When a politician says that he’s going to either cut or increase your taxes, he is engaging, wittingly or not, in a conceit and a deceit. He says it as though he has the power to do any such thing, when in fact he does not. He has no power except to reduce or increase the rate at which you pay taxes, whether on property, income, or whatever.
Think of it as the difference between a joystick and a mouse. With a computer mouse, you can point directly to the place that you want to be on a screen. With a joystick, you can only control the rate at which you move toward it, and in so doing, the target may move, and it may move faster or in a different direction than you can keep up with using your rate control. Politicians talk about tax cuts as though they have a computer mouse that allows them to pass a law and a specified amount of revenue will roll in, but the reality is that they have a slow joystick, with a nebulous relationship to the eventual goal.
For instance, he can raise your top income tax rate from, say, thirty to ninety percent. Did he increase your taxes by that amount? Only if you’re as stupid as he is. More likely, you’ll just cut back on how much you work, settle for the lower bracket, or do more work off the books, and he’ll end up getting less in taxes from you than before. So did he increase your taxes? Nope.
Similarly, he could cut your rate, and you might be motivated to go out and earn even more, perhaps enough more that you pay more taxes, even at the lower rate. So did he cut your taxes? No. But the wealth of the nation — including your own — was increased.
When the “cost” of a tax rate reduction is “scored” by the Congressional Budget Office, they do a “static” analysis, which means that they assume that the change in rates will have no influence on the behavior of the taxed, which is arrant nonsense. When a politician tells you that he knows how much revenue a tax change will result in, he is either lying or deluded.
Which brings us to the other myth of tax cuts. Leftists (I refuse to call them liberals) view “tax cuts” very differently than do I — and, I hope, you.
I view a reduction in my income tax as more of my own money, which I earned, that I am allowed to keep. Leftists start with the implicit assumption that all wealth, regardless of who actually earned it, is the property of the state, and any amount that we have after taxes is viewed as a gift from the state.
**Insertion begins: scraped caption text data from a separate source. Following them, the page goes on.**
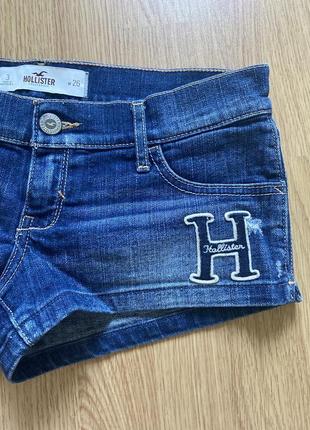 Короткие джинсовые шортики hollister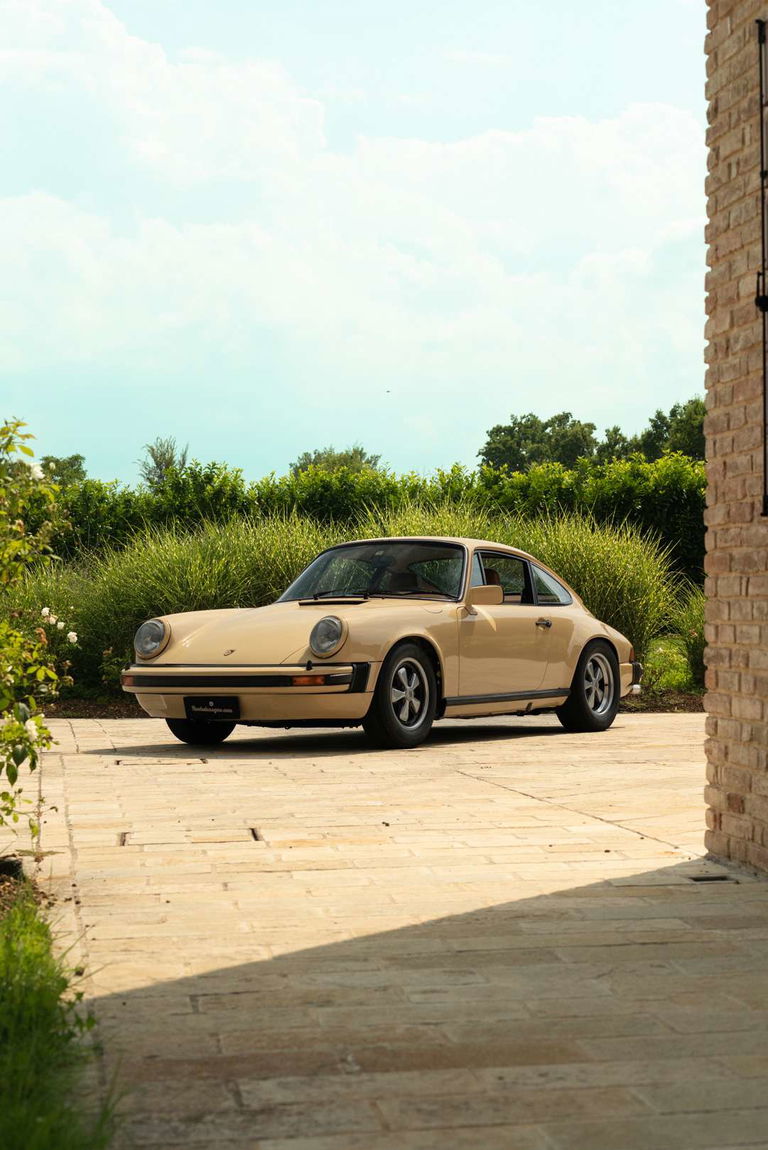 Porsche 911 Carrera 3,0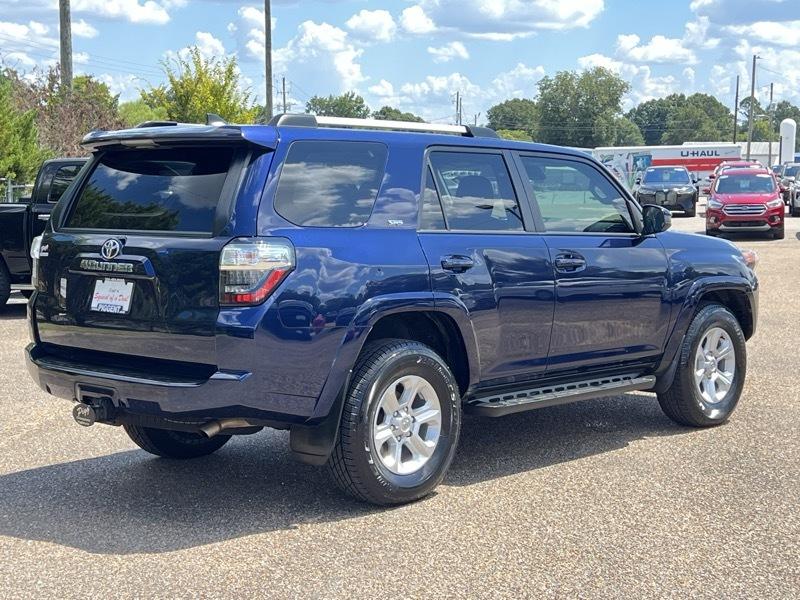 Toyota 4Runner SR5 2WD 2022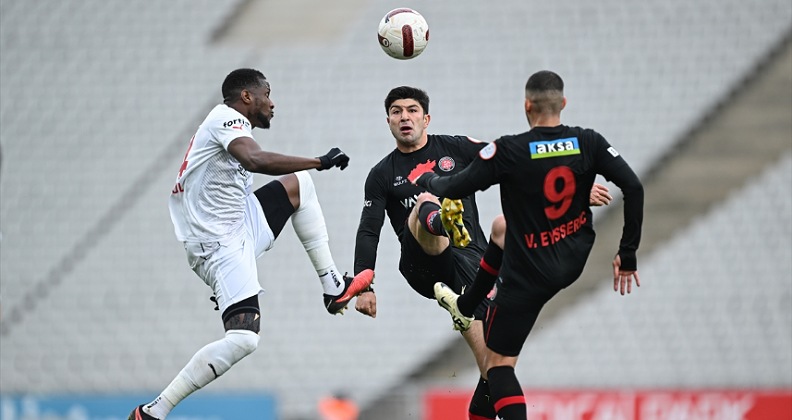 Karagümrük sahasında Siltaş Yapı Pendikspor’u mağlup etti.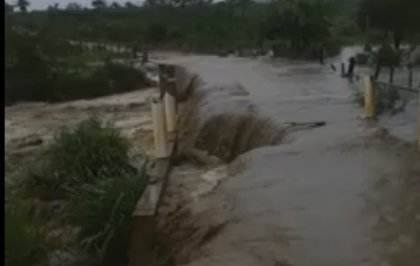 Condeúba: Enchente em rio destrói ponte na zona rural; Veja vídeo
This bizarre worldview results in equating, in their minds, actual tax cuts and government expenditures. It’s all the same to them — it is a “cost” to the government to let you keep your own money. Well, actually, it is not all the same. They vastly prefer an expenditure by the government that funds something that they stipulate — generally to favor some political constituency — to an “expenditure” by the government that allows you to decide what to do with it, and over which they have (so far) no control. This explains why they don’t have any cognitive dissonance with the nonsense that you can give a tax cut to someone who pays no income tax, which seems to be one of the “features” of the so-called stimulus plan. Since they view all “tax cuts” as gifts of the beneficent state, there is no difference in their mind between letting you keep your own money and handing you a check.
But there is a difference, and it is a crucial one: the way in which individual behavior is influenced. As noted above, if I get a reduction in my tax rate — which, remember, is not a “tax cut,” even though almost everyone mistakenly calls it one — I am motivated to go earn more money, because I’ll get to keep more of it on the margin. If, on the other hand, I am simply handed a check, which has no relationship with either past or future effort, there is no reason that it will change my behavior or productivity. That is why the former (a tax rate cut) actually stimulates, while the latter (a no-strings handout) does not. He might go out and spend it, or he might pay off debt, or he might save it. But there’s no particular reason to think that it stimulates the economy, though it may stimulate the recipient into voting for those who granted him the unwilling largess of those actually paying taxes.
Which, of course, is the whole point of this charade, isn’t it?